On my mind today

One of the marks of a good leader, my father said, was the capacity to encourage others to make full use of their talents and to make others grow into their gifts. It’s not about having the loudest voice or being the most visible, it’s about thinking on how we can help others discover and become their best selves.

My Mom also used to tell me that the sign of being a good teacher was when your student outgrows you and no longer needs you.

I think about these things because one of the writers who came to attend the six week workshop I gave for Other Futures (and who I’ve been mentoring a bit since then), was accepted to the Clarion Workshop. It is quite a milestone moment and I feel like a proud mama bird watching a fledgling spread their wings.

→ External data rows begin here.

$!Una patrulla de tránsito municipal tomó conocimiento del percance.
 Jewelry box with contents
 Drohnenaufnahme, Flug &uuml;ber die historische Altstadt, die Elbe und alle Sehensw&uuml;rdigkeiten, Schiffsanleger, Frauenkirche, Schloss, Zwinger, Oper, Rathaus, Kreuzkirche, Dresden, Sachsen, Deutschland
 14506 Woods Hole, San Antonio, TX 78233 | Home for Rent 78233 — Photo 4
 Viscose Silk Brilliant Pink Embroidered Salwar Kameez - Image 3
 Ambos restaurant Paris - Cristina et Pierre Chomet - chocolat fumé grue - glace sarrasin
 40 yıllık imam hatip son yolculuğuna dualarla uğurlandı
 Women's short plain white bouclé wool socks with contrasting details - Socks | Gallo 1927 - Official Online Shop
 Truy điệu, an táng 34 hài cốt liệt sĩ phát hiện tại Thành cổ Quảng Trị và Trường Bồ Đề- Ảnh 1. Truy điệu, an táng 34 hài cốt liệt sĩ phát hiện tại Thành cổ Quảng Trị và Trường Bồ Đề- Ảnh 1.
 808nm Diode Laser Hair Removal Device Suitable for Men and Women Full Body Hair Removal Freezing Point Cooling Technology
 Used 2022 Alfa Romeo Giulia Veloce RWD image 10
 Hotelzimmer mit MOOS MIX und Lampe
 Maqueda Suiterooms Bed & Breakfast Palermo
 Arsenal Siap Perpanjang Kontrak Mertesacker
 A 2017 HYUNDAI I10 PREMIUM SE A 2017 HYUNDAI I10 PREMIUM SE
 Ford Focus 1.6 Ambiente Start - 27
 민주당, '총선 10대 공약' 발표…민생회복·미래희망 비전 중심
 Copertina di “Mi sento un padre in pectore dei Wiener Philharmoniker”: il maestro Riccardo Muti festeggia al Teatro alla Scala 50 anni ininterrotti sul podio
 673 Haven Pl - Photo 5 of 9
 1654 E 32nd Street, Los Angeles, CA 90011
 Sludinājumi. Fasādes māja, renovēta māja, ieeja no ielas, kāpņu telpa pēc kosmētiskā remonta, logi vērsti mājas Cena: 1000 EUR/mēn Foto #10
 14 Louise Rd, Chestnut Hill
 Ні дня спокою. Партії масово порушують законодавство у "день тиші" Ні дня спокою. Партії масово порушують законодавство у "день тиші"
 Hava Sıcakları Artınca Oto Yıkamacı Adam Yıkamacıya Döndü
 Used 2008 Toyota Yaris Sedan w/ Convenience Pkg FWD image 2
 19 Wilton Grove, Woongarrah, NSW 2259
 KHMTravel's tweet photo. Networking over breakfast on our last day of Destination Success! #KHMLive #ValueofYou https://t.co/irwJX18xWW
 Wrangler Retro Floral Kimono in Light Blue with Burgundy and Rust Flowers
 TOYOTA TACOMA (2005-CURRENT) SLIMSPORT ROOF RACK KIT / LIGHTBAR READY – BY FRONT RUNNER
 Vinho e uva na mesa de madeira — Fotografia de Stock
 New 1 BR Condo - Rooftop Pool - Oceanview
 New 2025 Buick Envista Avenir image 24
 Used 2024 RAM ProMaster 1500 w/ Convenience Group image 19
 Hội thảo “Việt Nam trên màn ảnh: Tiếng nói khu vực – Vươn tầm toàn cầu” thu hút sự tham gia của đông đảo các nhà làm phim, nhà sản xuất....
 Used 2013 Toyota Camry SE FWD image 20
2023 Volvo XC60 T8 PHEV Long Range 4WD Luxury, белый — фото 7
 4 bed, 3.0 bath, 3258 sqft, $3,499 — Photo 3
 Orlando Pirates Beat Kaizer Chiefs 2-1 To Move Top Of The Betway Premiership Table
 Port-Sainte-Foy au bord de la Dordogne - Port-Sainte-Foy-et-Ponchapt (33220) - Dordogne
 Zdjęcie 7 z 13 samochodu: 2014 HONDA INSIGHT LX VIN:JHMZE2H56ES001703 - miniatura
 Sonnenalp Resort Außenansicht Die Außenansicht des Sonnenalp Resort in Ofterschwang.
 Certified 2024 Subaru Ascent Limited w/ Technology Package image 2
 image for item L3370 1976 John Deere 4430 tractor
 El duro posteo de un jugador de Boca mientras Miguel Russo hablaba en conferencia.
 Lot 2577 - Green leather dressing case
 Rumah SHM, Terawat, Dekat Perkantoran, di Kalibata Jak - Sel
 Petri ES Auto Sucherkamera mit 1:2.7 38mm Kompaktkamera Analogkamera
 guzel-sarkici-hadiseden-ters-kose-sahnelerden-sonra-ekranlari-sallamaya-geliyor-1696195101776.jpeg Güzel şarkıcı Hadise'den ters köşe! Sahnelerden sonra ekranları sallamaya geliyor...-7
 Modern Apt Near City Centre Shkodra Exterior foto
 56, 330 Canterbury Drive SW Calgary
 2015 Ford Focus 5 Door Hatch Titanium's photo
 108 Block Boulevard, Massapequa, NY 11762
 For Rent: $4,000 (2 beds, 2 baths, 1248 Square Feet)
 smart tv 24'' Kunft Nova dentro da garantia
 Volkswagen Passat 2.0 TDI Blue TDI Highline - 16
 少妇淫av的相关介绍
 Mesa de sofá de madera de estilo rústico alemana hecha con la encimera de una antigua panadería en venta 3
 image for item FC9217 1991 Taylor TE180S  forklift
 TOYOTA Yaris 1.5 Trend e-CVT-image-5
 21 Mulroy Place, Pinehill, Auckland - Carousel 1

Last Saturday, I got to do one of the things that brings me joy. I got to work with young people again. This is a thank you to Lana Jelenjev and the Neurodiversity Foundation for inviting me to give a workshop to young people between the ages of 11-17 as part of celebrating Neurodiversity pride day.

There’s something about the way young people approach the act of creating together that makes me so hopeful. I saw the will to encourage one another, the willingness to compromise and make space for each other, and the readiness to help when the other person gets stuck. As Lana’s husband said afterwards, we could all learn a lot just by watching the kids work together.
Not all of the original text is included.